Ever since manga invaded comic book shops and bookstores across the country in the early 00’s, fans have drawn battle lines. Manga has been looked down upon as childish and annoying; every series has a similar premise led by a cast of characters with abnormally large eyes and dangerously spiky hair. In turn, Western comics are stereotyped into the superhero genre, which is viewed as bland and repetitive. In reality, some individual manga series are in fact better than a few Western comic books, and vice versa. Whatever you call them, manga, manwha, or graphic novels, comics are comics, and no matter the style or direction that they’re read in, the stories tend to be universal. Nerds need to band together and embrace other’s cultures and ideas, because whether or not anyone wants to admit it, Goku is very similar to Superman.

It’s easy for Western comic fans to become bitter. While Barnes & Noble still stocks plenty of volumes of Spider-Man and Batman, it pales in comparison to the copious amounts of manga they carry. Nearly five full shelves are dedicated to Japanese graphic novels in the majority of big name booksellers, contrasting the tiny section they generally hold for DC, Marvel, and every other Independent publisher. The reason for this is simple, though, and that’s sales. Superhero comics have become increasingly more difficult to get into because of the ever-expanding universes and complicated starting points. At what issue/bound edition should a beginner start reading Batman, assuming that they don’t want to backtrack all the way to the 1960s, where the art and story arcs were more simplistic.

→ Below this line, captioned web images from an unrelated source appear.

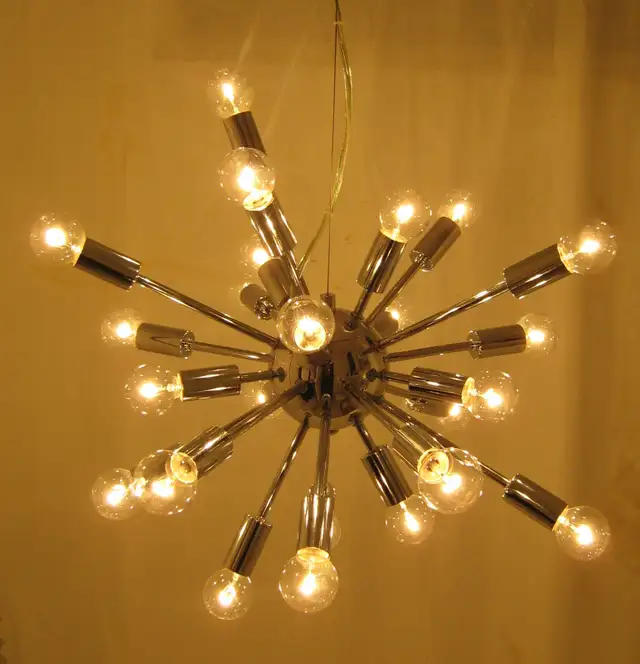 Vintage MCM Polished Chrome Space Age Design Sputnik Chandelier in Indoor Lighting & Fans in City of Toronto - Image 2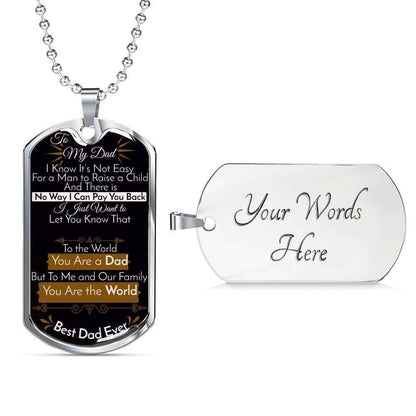 Dad Dog Tag Father’S Day Gift, Dog Tag Military Chain Necklace For Dad You Are The World Dog Tag Father's Day Rakva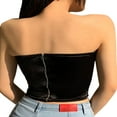 thumbnail image 3 of EIMELI Women Strapless Off-Shoulder Lace Trim V-Neck Wild Tube Tops, 3 of 6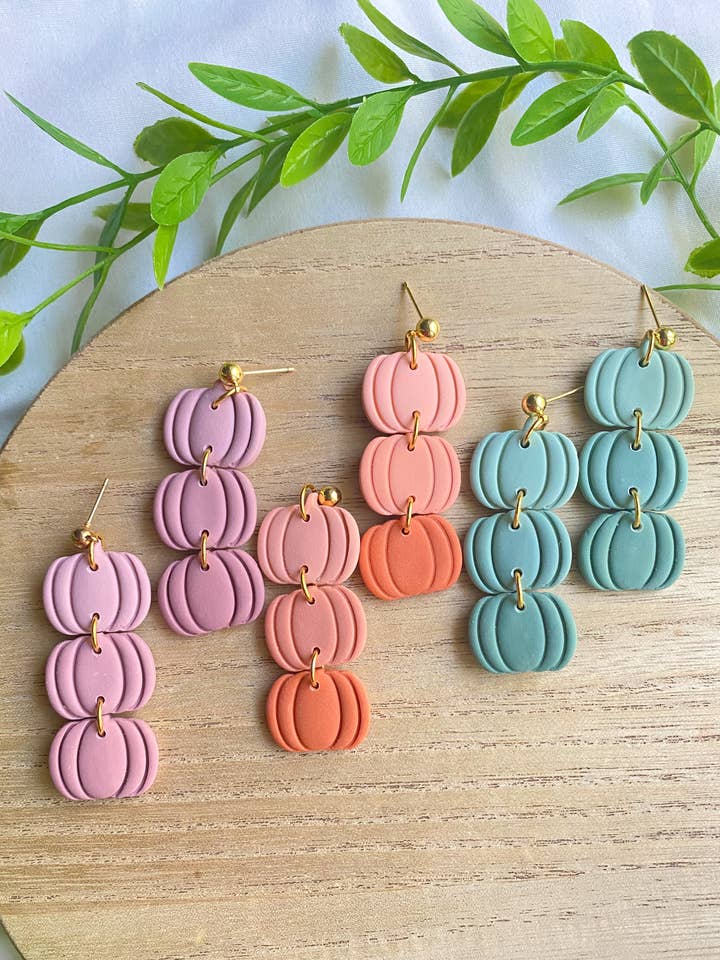 Ombre Pumpkin Dangles, Polymer Clay Earrings for wholesale by Glitter and Glow Co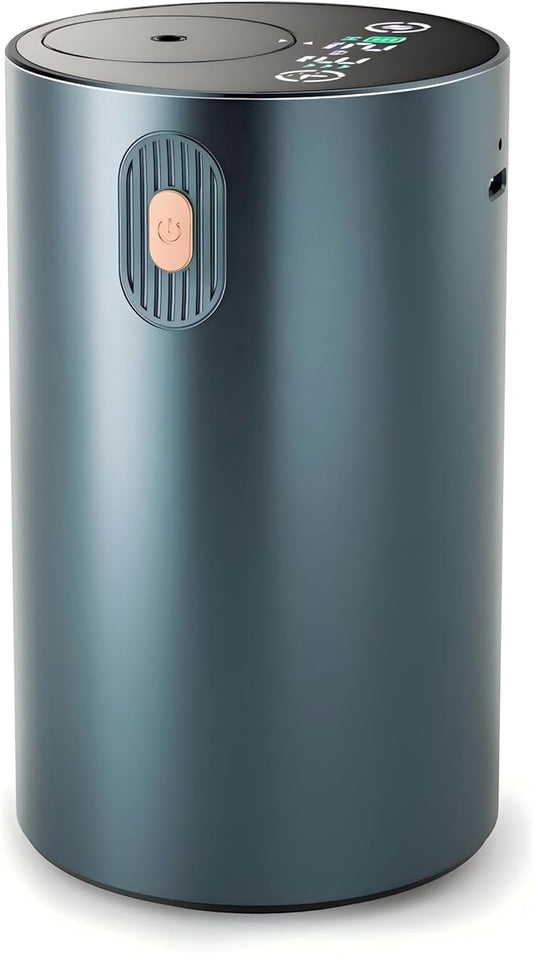 JUANANIUG Waterless Essential Oil Diffuser Rechargable: Portable Aromatherapy Diffuser for Car and Home - 4 Concentration Adjustments and Timers - Gift for Valentine’s Day (Gray)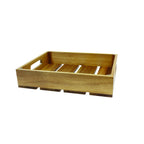 Thumbnail image #1 for TableCraft Products CRATE11 Acacia Wood Rectangular Full-Size Gastro Serving/Display Crate, Fits 1/1 GN Pan Case of 8
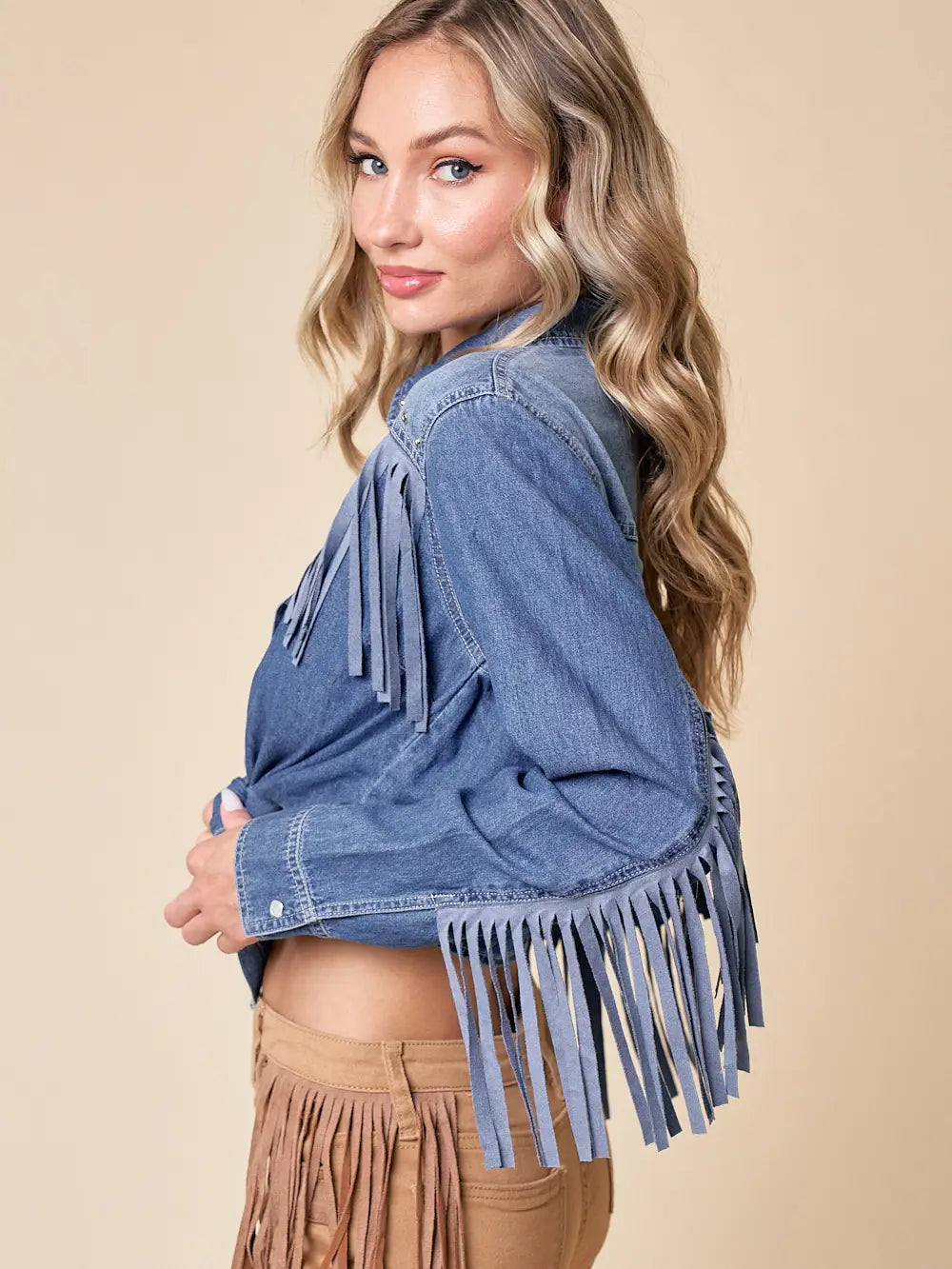 High Noon Fringe Denim Shirt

Batman R.I.P. certainly isn’t a good jumping off point; in fact, Grant Morrison’s head-scratching and sometimes ridiculous graphic novel would leave any new reader sticking with the Christopher Nolan movies in favor of exploring the original source material any further. In addition to that, there’s no number on the bound editions, leaving the buyer to do the guess work/research. And because there’s no numerical order, the shelves, which the graphic novels occupy, are completely disordered, because only a true comic book fan could canonically organize that mess. The manga section, on the other hand, is very tidy, for all the opposite reason mentioned.

But manga’s recent popularity isn’t unequivocally positive. Because of the demand, more and more series are licensed and released, and not all to critical acclaim. Stupid, generic titles are printed because of the popularity of the artwork style. In turn, the perceived quality of manga is going down with every throwaway High School-Action-Romance-Fantasy thriller. The market’s been flooded with so much material that the ones worth reading are dwarfed by the all the duds. Titles like Black Lagoon, Gantz, One Piece, and even Dragon Ball Z are just a few of the many manga series that all comic book fans would enjoy not only for the innovative writing, but also the different art styles. Dragon Ball is easy to criticize for all of the genre tropes in contains, but you have to remember that without Akira Toriyama’s classic, popular titles Naruto, Bleach, and Fullmetal Alchemist wouldn’t exist. That’s like making fun of Superman because he wears tights.

It goes both ways, and people who consider themselves either manga or Western comic book fans ought to explore other mediums. Every graphic novel junkie should have a copy of All Star Superman, Bone, and Dragon Ball Z on their shelf.